Remember the good ol’ days? There was a time in baseball when starting pitchers routinely threw 20 to 30 complete games every year. There was a time when relievers finished the game by pitching the 7th, 8th, and 9th innings. Closers only existed in the real estate business. There was a time when runners on first were bunted over to second or (heaven forbid) stole second. There was a time when the trade deadline was June 15. And there was a time when a star on a contender was traded for another star on another contender. In 1960, two future Hall of Famers were traded for each other. The Indians sent Rocky Colavito to the Tigers for Harvey Kuenn. In 1973, future Hall of Famer Ferguson Jenkins was traded for Bill Madlock, who should be in the Hall of Fame (but don’t get me started on that soapbox).
Alas, there are no such blockbusters today. Almost every trade now involves prospects traded to a rebuilding team by a contender. However, it’s these types of deals that impact a fantasy roster the most. The rebuilding team that trades away their star players for prospects suddenly has openings in their starting lineups for players who might be on the waiver wire. And the stock of the prospects they trade for might suddenly be on the rise. Furthermore, the contender who acquires a star player might drastically shift the roles of some of their existing players. The trick, of course, is to anticipate some of these deadline deals and acquire the players most affected before anyone else does. So before the deadline, let’s try to anticipate who might be on the waiver wire who will benefit the most from the rumored deals.
Let’s start with the Chicago Cubs. Anthony Rizzo, Kris Bryant, and Craig Kimbrel are the rumored players to be on the move, creating several possibilities for your fantasy roster.

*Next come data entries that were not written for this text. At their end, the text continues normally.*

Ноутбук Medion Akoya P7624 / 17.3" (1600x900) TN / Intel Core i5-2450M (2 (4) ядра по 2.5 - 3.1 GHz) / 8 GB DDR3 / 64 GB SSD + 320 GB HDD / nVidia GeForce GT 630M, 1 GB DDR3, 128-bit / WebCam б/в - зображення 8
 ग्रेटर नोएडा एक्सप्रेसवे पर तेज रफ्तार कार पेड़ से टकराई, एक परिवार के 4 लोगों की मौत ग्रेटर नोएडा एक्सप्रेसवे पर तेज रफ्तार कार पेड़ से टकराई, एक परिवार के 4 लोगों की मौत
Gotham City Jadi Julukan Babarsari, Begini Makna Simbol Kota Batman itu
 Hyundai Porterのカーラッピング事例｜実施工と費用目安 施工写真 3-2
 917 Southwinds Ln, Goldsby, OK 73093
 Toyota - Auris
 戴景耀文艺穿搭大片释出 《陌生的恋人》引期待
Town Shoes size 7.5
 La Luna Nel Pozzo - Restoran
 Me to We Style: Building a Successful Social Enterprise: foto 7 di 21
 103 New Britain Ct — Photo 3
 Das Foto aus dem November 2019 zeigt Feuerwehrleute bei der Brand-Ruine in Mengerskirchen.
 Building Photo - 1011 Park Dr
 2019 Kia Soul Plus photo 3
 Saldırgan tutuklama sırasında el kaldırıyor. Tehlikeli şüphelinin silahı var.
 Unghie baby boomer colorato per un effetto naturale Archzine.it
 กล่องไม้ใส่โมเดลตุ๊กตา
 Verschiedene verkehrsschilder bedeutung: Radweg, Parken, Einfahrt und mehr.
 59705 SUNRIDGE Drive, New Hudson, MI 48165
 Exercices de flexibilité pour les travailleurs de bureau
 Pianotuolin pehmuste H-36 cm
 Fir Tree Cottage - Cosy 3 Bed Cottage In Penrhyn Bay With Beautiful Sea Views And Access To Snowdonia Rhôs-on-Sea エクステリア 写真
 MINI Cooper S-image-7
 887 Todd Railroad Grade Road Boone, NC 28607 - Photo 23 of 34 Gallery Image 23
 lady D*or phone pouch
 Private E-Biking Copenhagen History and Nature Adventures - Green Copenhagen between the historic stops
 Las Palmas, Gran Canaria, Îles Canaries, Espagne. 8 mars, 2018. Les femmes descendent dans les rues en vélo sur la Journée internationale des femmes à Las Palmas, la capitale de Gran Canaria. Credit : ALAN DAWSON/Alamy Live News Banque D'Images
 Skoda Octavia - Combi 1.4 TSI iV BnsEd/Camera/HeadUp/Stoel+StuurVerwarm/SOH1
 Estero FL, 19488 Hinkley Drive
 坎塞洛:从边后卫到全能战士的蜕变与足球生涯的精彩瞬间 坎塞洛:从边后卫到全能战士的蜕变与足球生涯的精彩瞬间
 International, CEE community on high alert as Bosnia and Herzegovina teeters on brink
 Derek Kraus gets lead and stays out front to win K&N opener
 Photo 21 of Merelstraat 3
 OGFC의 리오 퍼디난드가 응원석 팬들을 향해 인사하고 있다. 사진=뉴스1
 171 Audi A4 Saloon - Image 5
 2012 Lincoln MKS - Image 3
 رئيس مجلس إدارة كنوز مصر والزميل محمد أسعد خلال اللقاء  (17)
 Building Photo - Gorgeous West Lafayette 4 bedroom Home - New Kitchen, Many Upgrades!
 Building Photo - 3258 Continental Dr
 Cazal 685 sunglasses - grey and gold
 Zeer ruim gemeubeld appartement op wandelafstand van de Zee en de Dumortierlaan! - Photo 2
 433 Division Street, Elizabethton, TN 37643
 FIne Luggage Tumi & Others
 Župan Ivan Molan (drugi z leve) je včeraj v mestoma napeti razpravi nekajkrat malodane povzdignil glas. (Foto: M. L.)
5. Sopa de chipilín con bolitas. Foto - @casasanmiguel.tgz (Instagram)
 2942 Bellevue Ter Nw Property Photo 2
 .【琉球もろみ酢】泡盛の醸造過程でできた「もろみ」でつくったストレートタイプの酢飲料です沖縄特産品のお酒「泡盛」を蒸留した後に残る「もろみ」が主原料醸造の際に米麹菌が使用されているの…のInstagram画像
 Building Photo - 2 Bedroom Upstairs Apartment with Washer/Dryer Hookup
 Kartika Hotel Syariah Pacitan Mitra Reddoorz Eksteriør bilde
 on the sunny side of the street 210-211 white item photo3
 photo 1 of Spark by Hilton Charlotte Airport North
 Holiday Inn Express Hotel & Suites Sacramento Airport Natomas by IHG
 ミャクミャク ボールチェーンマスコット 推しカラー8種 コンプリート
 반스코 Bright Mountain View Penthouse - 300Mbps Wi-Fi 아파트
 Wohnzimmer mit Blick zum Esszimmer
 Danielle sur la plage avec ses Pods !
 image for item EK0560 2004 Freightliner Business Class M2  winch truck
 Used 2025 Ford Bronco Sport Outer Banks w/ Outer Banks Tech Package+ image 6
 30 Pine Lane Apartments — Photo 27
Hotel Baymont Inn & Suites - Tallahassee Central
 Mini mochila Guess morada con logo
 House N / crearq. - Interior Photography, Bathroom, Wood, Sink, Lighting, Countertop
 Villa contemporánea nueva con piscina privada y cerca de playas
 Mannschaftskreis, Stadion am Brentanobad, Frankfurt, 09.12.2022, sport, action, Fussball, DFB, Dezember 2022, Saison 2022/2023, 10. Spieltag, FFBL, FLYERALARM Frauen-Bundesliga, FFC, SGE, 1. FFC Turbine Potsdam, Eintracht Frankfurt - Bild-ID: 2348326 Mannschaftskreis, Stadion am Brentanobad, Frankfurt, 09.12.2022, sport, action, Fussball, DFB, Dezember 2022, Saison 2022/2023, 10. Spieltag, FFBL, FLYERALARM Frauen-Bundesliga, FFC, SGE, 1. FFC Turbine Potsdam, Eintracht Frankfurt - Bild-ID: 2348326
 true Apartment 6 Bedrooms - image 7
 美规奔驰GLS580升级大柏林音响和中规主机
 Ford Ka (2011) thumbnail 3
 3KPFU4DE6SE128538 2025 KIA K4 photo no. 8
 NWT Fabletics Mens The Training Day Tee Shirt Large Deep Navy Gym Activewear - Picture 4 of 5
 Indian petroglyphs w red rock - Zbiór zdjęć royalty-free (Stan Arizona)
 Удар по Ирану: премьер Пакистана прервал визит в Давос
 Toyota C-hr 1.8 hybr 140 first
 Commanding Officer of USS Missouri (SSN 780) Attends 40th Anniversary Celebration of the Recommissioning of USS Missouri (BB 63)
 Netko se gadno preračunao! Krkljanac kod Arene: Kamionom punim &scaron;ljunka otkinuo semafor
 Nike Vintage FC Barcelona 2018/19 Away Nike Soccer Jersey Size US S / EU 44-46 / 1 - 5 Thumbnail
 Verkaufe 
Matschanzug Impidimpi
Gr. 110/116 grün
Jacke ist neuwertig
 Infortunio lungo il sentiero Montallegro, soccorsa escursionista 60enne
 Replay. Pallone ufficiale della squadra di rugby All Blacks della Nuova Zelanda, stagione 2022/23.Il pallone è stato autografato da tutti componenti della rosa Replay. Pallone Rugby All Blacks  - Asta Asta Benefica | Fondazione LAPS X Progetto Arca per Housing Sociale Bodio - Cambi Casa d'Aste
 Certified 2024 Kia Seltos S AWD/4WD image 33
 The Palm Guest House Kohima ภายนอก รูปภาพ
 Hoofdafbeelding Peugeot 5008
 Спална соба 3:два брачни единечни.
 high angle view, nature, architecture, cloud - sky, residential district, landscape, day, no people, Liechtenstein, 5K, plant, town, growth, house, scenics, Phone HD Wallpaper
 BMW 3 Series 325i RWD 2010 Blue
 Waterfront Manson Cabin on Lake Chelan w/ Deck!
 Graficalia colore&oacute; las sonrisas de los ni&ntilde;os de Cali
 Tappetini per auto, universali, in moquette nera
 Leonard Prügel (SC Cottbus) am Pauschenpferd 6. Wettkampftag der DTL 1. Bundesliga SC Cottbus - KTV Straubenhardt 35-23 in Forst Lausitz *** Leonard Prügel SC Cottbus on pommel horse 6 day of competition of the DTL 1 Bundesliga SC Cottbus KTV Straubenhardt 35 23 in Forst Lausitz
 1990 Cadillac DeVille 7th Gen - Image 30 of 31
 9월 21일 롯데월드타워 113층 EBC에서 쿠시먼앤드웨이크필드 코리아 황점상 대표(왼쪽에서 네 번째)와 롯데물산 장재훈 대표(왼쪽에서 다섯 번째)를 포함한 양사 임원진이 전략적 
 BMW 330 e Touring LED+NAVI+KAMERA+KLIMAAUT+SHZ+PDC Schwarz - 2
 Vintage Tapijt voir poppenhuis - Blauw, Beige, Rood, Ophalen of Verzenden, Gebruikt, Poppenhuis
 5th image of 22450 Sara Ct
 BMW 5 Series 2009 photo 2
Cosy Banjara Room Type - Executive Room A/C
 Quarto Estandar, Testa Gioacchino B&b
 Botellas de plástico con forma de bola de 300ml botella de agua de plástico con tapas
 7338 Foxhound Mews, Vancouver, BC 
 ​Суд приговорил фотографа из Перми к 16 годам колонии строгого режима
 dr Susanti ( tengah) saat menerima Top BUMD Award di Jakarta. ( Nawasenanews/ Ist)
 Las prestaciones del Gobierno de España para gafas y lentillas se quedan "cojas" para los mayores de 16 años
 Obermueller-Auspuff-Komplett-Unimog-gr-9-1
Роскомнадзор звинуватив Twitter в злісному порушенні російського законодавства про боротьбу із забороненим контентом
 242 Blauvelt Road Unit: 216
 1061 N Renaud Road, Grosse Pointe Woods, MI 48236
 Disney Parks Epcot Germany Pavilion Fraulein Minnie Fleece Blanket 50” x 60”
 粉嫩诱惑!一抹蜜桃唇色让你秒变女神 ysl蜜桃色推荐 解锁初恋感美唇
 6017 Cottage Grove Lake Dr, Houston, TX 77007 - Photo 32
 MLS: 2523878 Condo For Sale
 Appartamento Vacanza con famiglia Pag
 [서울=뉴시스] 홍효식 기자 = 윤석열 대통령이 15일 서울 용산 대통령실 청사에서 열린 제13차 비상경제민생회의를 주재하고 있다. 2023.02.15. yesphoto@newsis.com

Before the All-Star break, the Cubs traded for first baseman prospect Bryce Ball by sending Joc Pedersen to the Braves. The Cubs targeted a future asset like Ball for a reason. Perhaps they’re anticipating an opening at first base after a trade of Rizzo. Ball will not be ready for the majors this year and probably not next year either, but he would be the long-term answer at first base. He’s already escaped from the Freddie Freeman roadblock at first in Atlanta. If you’re in a dynasty league and Ball is available, act now. He’s had some swing and miss issues in the minors, but by the time he’s ready to take over first base for the Cubs, his hit tool is bound to improve, and his tremendous power potential would be an ideal fit in a park-like Wrigley Field.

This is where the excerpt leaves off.